Significantly, a dismissal of India’s role in the Afghan peace process came not only from Pakistan but also from the North Atlantic Treaty Organisation (NATO). Alejandro Alvargonzález, NATO’s Assistant Secretary General for Political Affairs and Security Policy, stated that Pakistan’s role was of “utmost importance to the peace process”, while India has a “prominent place in Afghanistan” but so do “hundreds of others”.
The Assistant Secretary appeared to suggest that India cannot be made a party to the talks just because Pakistan is there. In effect, the most violent and disruptive players in Afghanistan are, as in the past, being given centrality in the ‘peace process’, to the progressive exclusion of those whose interests lie in an enduring peace – principally Kabul, as well as India.
The Indian dilemma in Afghanistan seems to have come full circle.
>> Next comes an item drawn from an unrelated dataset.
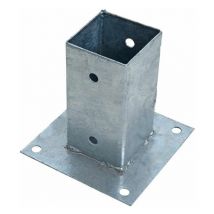 Estexo - Aufschraubhü lse Pfostenhü lse Pfostenträ ger Bodenhü lse Aufschraubbodenhü lse 81x150 mm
New Delhi’s reiteration of support for an Afghan-led, Afghan-owned and Afghan-controlled peace process, has been treated with an indifference in the current rounds of negotiations, only rivalled by the neglect that has been meted out to the Afghan Government.
The sting of imposed inconsequentiality for the two actors appears to be an effort to push them on to the US-led “bandwagon“. But, this is a vehicle that doesn’t seem to be heading anywhere.